Cet article fut publié antérieurement dans le blogue du Telos Collective. Traduit par Rachel Touchette. Utilisé avec permission. © Convergence Quebec 2018.

Glossaire

Âge de l’authenticité : Âge après les années 1960 où la spiritualité est désinstitutionnalisée et est comprise avant tout comme étant une expression de « ce qui me parle ». Un reflet de l’individualisme expressif. (Smith)

Cadre immanent : Un espace social élaboré qui encadre entièrement notre vie dans un ordre naturel par opposition à un ordre surnaturel. Il s’agit de l’espace circonscrit de l’imaginaire social moderne qui exclut la transcendance. (Smith)

Déisme moral : Dieu est réduit à un Créateur qui met les choses en mouvement et qui nous surveille pour nous punir ou nous récompenser selon notre comportement moral.

Désenchantement : Une perte de transcendance faisant en sorte que tout sens et toute signification se trouvent dans le cadre immanent.

Enjeux de la conformité : Les gens se conforment lorsqu’ils croient qu’ils ont plus à perdre lorsque leur déviance est détectée que ce qu’ils gagnent de l’acte déviant. (Stark)

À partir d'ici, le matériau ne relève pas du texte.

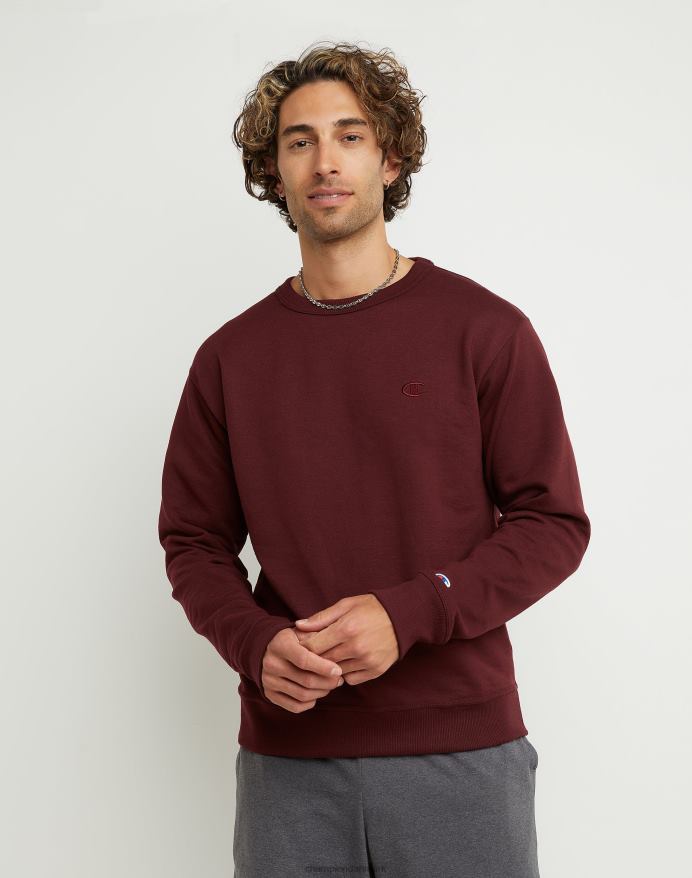 Champion powerblend fleece crew c logo V6J6656 rødbrun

Fragilisation : En présence de différentes options, lorsque les gens qui mènent une vie « normale » ne partagent pas ma foi (et peut-être qu’ils ont des croyances très différentes de la mienne), mon engagement envers ma foi devient fragile, c’est-à-dire qu’il est remis en question et devient contestable. (Smith)

Humanisme exclusif : Une vision du monde ou un imaginaire social qui procure un sens et une signification sans recours à une transcendance divine. (Smith)

Pression transversale : La pression simultanée d’une multitude d’options spirituelles; ou le sentiment d’être pris entre un écho de transcendance et un élan vers l’immanentisation. Cela produit l’effet nova. (Smith)

Séculier1 : Une définition plus « classique » du séculier, en tant que distinct du sacré – l’aspect terrestre de la vie domestique. Les prêtres s’occupent du sacré; les bouchers, les boulangers et les chandeliers accomplissent le travail « séculier ». (Smith)

Séculier2 : Une définition « moderne » du séculier comme étant areligieux (non religieux) – neutre, sans parti pris, « objectif » – comme dans le cas d’un espace public « séculier ». (Smith)

Séculier3 : La notion de Charles Taylor du séculier comme étant un âge où la croyance est contestée, c’est-à-dire où la croyance religieuse n’est plus axiomatique. Il est possible de ne pas croire en Dieu.